O que diz a lei – Artigo 45
As entidades de prática desportiva são obrigadas a contratar seguro de vida e de acidentes pessoais, vinculado à atividade desportiva, para os atletas profissionais, com o objetivo de cobrir os riscos a que eles estão sujeitos.
§ 1º A importância segurada deve garantir ao atleta profissional, ou ao beneficiário por ele indicado no contrato de seguro, o direito a indenização mínima correspondente ao valor anual da remuneração pactuada.
§ 2º A entidade de prática desportiva é responsável pelas despesas médico-hospitalares e de medicamentos necessários ao restabelecimento do atleta enquanto a seguradora não fizer o pagamento da indenização a que se refere o § 1o deste artigo.
O São Paulo vai pagar todos os gastos médicos e os salários do jogador enquanto ele permanecer no clube. O clube também não pode romper o contrato de um atleta machucado, com pena de multa e condenação na Justiça. Os clubes recebem compensação financeira das seguradoras. Se o clube não tiver o seguro, ele assumirá os gastos e o contrato do atleta até a sua recuperação.
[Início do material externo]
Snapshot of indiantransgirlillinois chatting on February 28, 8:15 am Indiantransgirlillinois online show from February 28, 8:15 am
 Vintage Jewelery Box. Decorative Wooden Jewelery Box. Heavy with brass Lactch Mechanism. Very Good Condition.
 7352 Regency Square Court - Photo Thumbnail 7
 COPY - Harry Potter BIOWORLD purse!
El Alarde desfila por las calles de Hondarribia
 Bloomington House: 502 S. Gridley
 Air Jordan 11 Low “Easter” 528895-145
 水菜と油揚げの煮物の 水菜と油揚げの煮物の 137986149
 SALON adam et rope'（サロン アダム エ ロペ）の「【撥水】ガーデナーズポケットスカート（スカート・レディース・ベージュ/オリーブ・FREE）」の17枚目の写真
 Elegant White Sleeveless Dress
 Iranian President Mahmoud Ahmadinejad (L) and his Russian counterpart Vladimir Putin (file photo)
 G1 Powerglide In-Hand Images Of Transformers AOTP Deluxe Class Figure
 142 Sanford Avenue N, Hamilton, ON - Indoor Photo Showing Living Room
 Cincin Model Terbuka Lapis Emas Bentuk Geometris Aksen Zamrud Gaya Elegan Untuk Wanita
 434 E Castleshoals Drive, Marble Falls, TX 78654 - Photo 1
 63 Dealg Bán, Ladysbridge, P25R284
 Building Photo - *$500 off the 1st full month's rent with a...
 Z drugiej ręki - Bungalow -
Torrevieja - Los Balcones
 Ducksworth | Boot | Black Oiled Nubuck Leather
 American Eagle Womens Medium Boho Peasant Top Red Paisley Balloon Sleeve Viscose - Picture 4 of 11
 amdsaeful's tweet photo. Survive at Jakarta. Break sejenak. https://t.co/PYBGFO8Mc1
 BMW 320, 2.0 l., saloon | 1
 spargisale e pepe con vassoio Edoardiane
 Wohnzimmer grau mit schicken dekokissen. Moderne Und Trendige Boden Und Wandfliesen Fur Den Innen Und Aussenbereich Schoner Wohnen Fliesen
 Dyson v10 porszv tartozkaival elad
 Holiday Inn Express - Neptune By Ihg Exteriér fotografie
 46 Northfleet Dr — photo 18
Nota sobre a cirurgia de Lucas
Lucas sofreu a lesão durante a partida contra o Bahia, disputada na tarde de domingo (03), no estádio Cícero de Souza Marques, pelo Campeonato Brasileiro. O jogo em Bragança Paulista marcava o retorno do jogador aos gramados depois de se recuperar de fraturas em duas costelas sofridas no dia 18 de março, durante o confronto com o Atlético-MG pelo Brasileirão.
Antes da lesão, Lucas havia participado de 16 dos 17 primeiros compromissos do Tricolor na temporada, sendo dez como titular, com três gols e uma assistência. Ao todo, o meia-atacante revelado em Cotia detém 239 jogos pelo São Paulo, com 59 gols e 36 assistências, além dos títulos da CONMEBOL Sul-Americana de 2012, da Copa do Brasil de 2023 e da Supercopa Rei de 2024.